» **Problem requirements**: In this exercise, print only the lines of the records below from the one with "Black vase in the shape of a head" through the one with "A reception desk", inclusive. Pictures are not part of the copy.

» **Given records**:

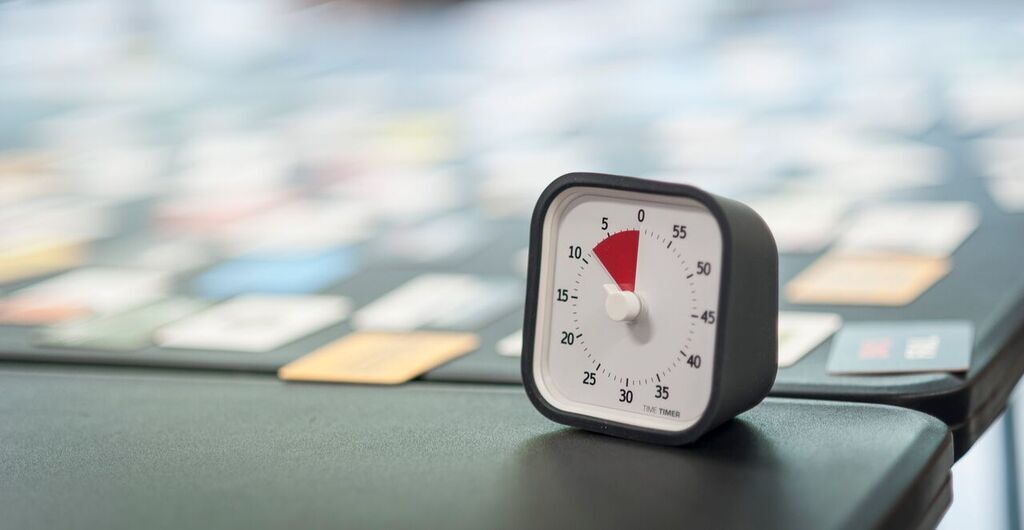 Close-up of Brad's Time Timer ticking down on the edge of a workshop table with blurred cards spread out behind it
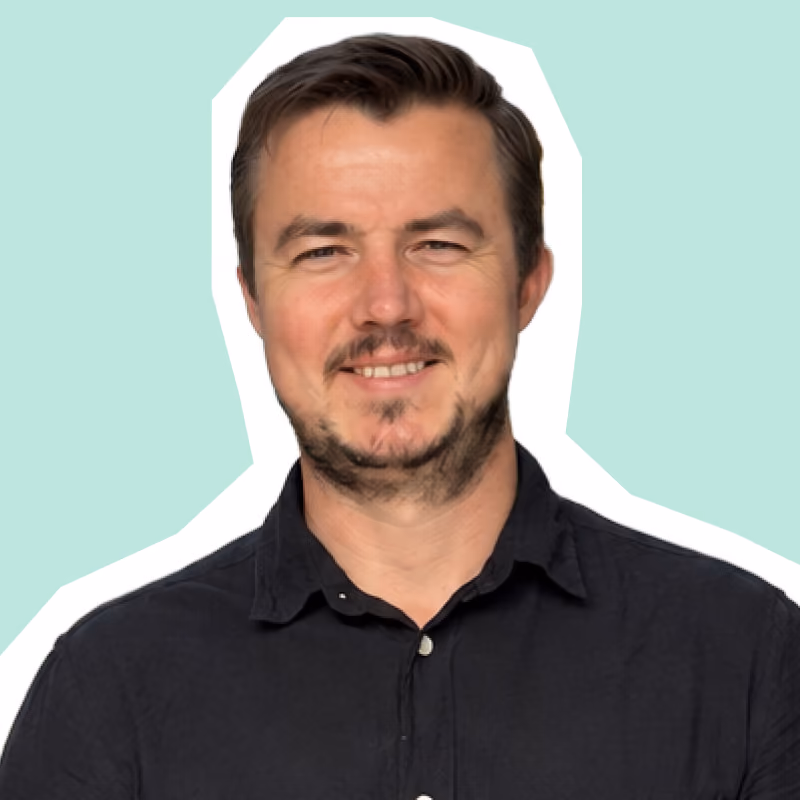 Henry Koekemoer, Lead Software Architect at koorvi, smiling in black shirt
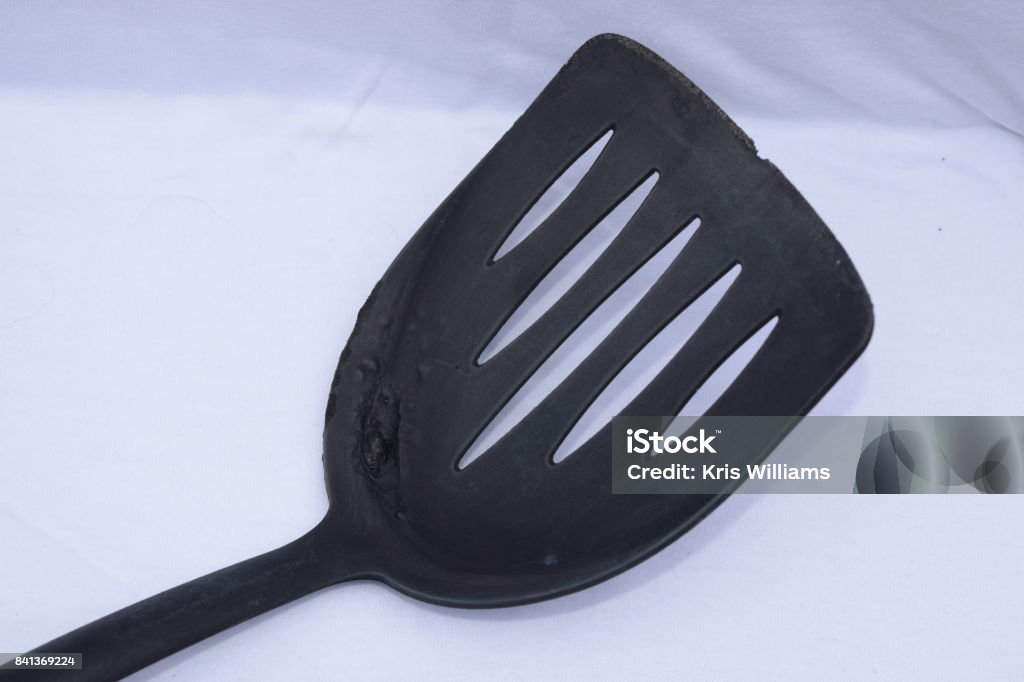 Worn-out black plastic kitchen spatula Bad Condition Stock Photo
---
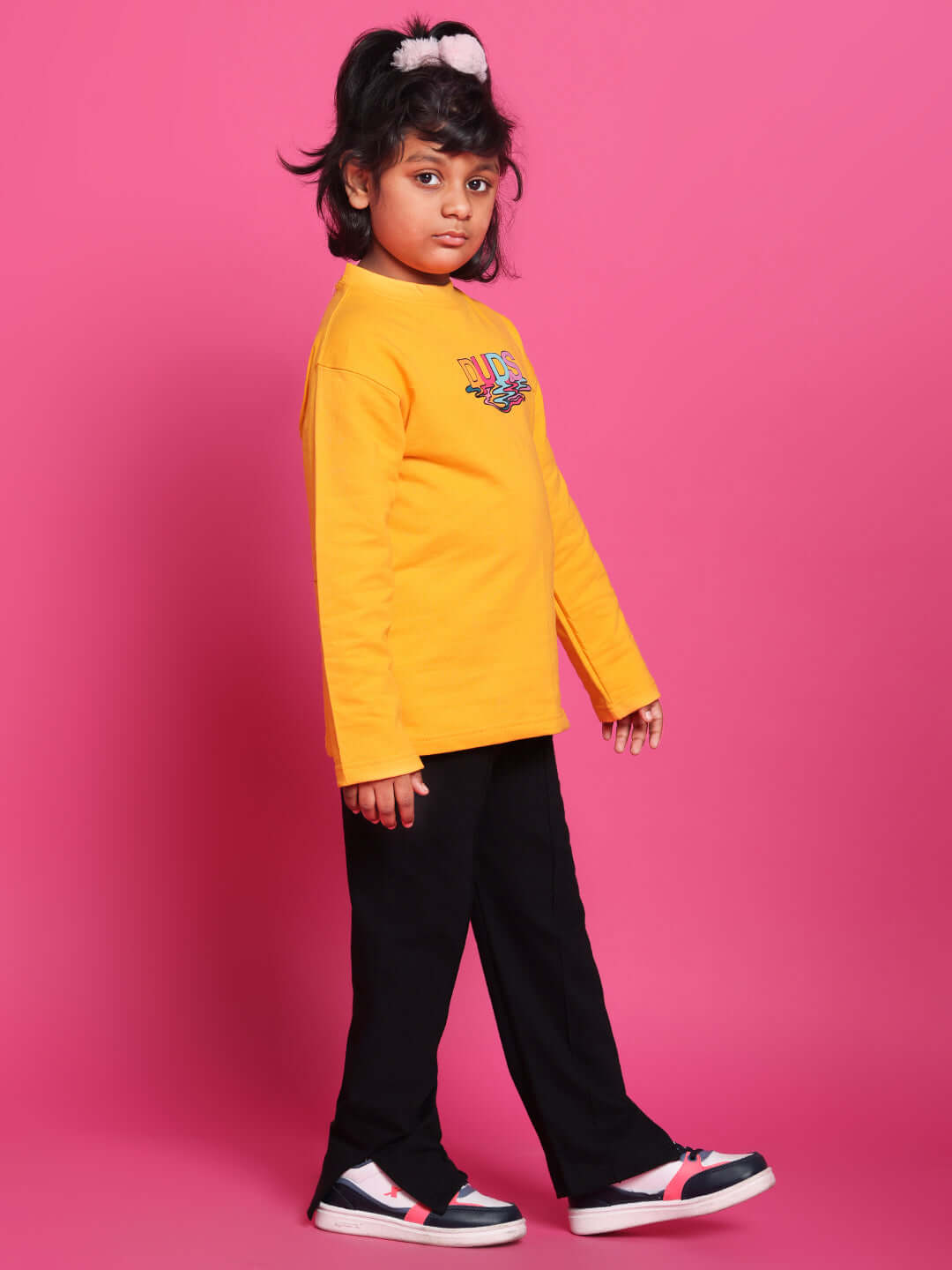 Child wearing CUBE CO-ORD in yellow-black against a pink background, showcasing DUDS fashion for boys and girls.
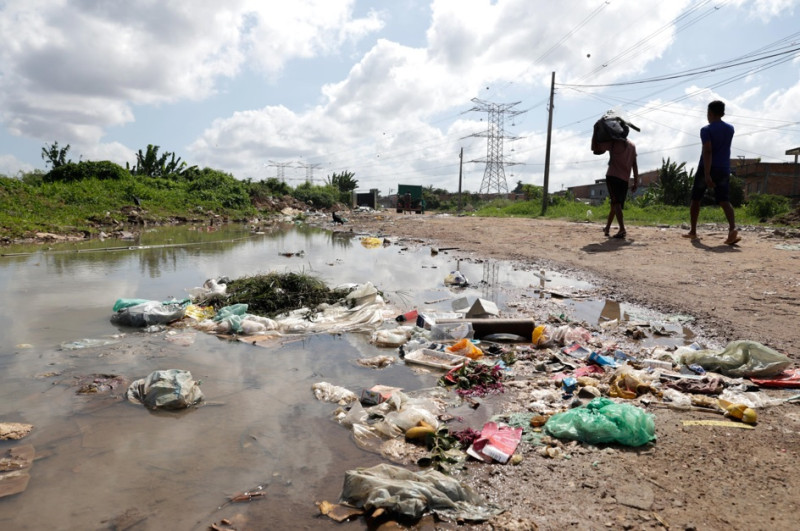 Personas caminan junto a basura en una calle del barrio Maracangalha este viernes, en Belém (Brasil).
==
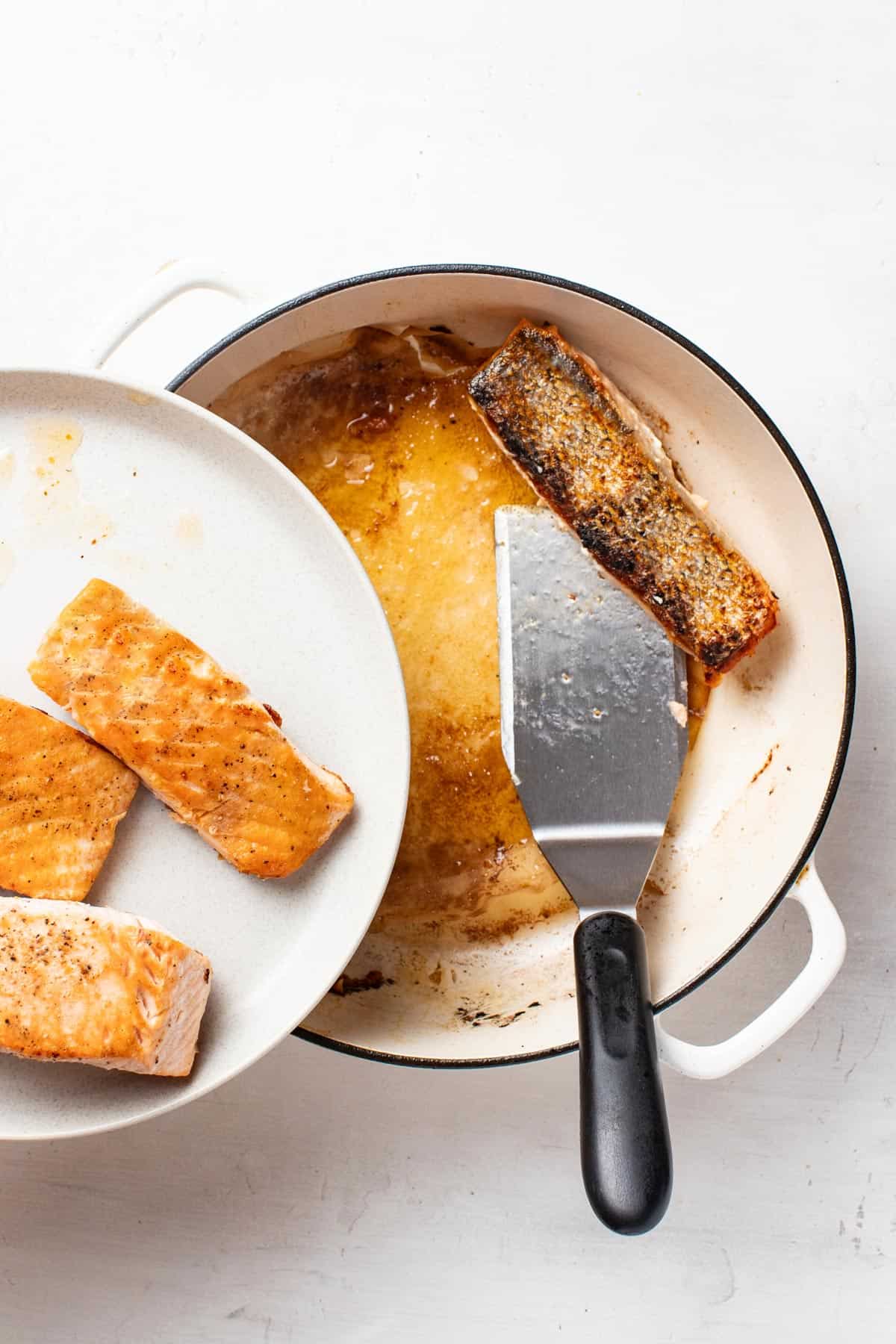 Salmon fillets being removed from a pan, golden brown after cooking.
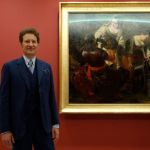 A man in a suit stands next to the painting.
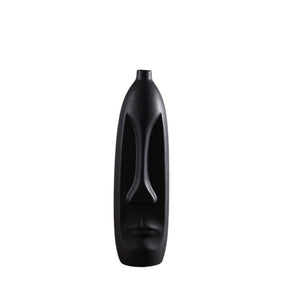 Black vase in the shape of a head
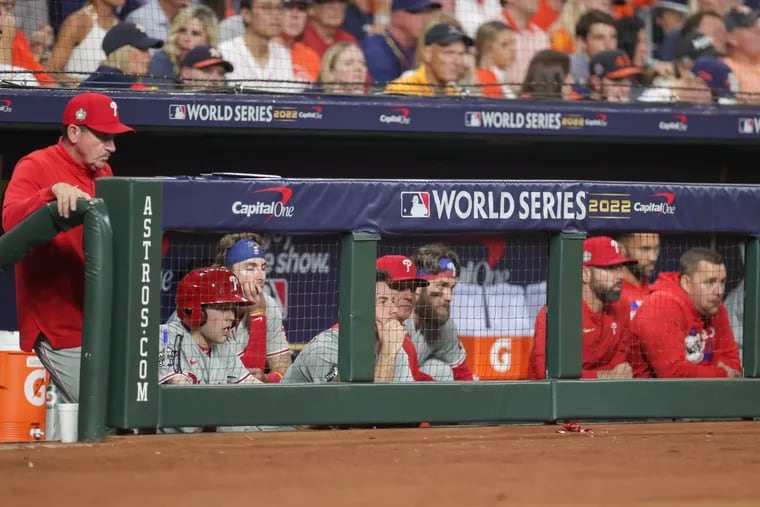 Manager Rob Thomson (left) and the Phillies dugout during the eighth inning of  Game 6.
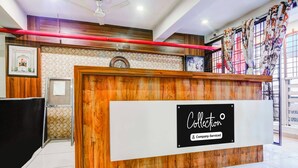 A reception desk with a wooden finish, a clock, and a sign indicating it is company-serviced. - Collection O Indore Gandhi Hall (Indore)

» **Reply to the task**:
 Black vase in the shape of a head
 Manager Rob Thomson (left) and the Phillies dugout during the eighth inning of  Game 6.
 A reception desk with a wooden finish, a clock, and a sign indicating it is company-serviced. - Collection O Indore Gandhi Hall (Indore)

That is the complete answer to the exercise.